Sadly, the conditions are no better there than what we observed during our trip back in March. There appears to be little progress in demolition (with the exception of the palace), rebuilding and general living conditions. The tent cities are still filled to the brim with homeless people and the tents themselves are barely weathering the rainy season. The heat and pollution were, as Tom put it, "unbearable". Electricity was spotty at best, thus our lack of blog posts during the actual trip.

Church of the Three Crosses

They visited the sites of several heavily damaged churches as well. The team dubbed the one pictured above "Church of the Three Crosses" since all signage identifying the building was destroyed. The woman in the foreground was begging for food, water and money, a common occurrence in Haiti.

The Rt. Rev. J. Zaché Duraçin

Bishop Duraçin speaking with the Diocese Task Force

During their stay in Port au Prince, Kathy and Sally were privileged to meet the Bishop of the Episcopal Diocese of Haiti, the Rt. Rev. J. Zaché Duraçin. They met at his office in Petionville and shared information about The Red Thread Promise, the Diocese of Olympia (WA), the Diocese of Louisiana (LA) and St. Paul's Episcopal Church-Lakeview (LA). They also discussed the desire of both of the American diocese to partner with their Haitian counterparts on a project in Haiti.

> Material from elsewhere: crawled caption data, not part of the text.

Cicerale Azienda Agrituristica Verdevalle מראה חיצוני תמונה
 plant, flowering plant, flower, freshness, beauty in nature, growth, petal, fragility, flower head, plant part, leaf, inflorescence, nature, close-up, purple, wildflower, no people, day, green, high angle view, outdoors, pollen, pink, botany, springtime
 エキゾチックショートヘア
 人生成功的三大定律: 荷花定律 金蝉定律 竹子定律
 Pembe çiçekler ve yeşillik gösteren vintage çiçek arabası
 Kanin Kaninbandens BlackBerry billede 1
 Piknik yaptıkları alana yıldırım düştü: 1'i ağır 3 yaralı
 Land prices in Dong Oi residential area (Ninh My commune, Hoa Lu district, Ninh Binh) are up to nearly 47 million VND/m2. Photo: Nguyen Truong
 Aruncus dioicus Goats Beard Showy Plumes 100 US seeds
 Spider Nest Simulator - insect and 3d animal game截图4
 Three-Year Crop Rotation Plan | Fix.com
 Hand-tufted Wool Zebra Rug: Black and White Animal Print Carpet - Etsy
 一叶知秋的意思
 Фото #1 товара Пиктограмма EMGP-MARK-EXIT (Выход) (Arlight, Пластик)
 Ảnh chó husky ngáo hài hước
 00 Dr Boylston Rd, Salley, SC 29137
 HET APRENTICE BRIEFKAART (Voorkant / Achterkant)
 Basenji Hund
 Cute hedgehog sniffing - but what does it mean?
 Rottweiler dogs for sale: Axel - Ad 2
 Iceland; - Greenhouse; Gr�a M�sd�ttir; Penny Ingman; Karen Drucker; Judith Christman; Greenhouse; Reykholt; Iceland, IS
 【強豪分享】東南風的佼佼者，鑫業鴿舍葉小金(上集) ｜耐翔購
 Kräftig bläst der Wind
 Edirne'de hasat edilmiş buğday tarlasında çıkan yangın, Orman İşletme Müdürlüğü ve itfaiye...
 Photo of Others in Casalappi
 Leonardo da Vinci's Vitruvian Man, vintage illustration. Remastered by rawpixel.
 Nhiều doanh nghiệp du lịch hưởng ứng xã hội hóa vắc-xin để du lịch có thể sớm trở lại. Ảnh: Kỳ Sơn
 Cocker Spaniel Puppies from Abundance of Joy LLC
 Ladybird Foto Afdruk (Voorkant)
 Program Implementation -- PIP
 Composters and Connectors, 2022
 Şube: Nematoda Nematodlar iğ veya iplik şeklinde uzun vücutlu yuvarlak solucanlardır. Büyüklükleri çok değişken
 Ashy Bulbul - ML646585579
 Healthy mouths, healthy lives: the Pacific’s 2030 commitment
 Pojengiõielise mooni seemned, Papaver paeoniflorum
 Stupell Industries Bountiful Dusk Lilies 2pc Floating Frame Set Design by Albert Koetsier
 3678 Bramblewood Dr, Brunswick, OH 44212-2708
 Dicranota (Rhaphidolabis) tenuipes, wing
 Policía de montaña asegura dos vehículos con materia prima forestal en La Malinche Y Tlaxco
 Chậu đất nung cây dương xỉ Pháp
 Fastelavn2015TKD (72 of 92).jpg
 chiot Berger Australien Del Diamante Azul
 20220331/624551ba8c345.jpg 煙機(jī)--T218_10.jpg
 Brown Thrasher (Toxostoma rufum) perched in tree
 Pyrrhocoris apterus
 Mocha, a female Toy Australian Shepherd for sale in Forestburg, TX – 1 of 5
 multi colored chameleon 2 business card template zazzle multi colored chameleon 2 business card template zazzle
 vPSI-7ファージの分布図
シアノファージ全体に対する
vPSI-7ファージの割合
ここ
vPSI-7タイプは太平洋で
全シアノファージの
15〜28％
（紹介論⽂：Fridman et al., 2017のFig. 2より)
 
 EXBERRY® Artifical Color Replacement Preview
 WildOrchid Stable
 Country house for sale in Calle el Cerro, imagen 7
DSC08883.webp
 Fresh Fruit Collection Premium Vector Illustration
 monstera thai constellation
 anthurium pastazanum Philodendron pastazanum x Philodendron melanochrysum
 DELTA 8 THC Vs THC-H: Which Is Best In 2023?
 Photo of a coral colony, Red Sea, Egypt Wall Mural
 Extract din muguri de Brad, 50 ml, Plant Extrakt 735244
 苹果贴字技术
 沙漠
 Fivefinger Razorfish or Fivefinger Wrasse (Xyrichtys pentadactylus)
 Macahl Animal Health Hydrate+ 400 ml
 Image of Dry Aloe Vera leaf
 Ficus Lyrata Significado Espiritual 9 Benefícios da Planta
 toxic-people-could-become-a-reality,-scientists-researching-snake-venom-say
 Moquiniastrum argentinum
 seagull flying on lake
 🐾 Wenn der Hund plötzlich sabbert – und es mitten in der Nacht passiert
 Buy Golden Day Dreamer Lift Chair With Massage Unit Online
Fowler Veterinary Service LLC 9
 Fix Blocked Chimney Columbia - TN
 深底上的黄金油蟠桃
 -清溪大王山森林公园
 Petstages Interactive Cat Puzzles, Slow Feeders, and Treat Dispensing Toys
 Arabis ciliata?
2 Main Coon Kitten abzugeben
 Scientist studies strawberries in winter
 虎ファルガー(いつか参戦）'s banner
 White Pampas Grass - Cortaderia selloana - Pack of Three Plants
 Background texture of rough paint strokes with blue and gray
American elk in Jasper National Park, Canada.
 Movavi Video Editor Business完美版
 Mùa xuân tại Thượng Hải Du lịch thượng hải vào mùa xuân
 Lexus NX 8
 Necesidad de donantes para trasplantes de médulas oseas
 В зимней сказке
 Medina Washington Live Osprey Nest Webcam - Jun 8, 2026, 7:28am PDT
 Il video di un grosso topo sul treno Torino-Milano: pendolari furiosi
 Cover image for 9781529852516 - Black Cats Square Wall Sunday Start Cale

The remains of Holy Trinity Cathedral

Kathy in front of the cathedral entrance

The brightly colored stones in the background are what remains
of the cathedral's once famous murals

Church rubble with temporary open air worship space

Church bells recovered from the rubble

Bishop Duraçin talked about the destruction of the Holy Trinity Cathedral, which Kathy and Sally were able to visit, and Holy Trinity's Complex, which includes elementary, music and trade schools. The cathedral, once known for its' beautiful murals, has been reduced to ruins. Thankfully, the schools have resumed classes in temporary buildings while plans are made for a more permanent site.

Rubble that was once Holy Trinity's School Complex

Temporary classrooms at Holy Trinity

Following their meeting, beautiful young voices filled the room from a boy's choir that was practicing behind the crushed church in a tiny building that survived the earthquake. A sole cellist from the music school practiced in the temporary outdoor school area. According to Kathy, "it was very moving to hear these children singing and playing music in the midst of everything they have endured."

Cellist practicing

Following further tours of the city, Kathy and Sally returned to the states and re-acclimate to their lives in Louisiana and Washington state while Tom, Randa and Noor remained in Haiti for 4 additional days.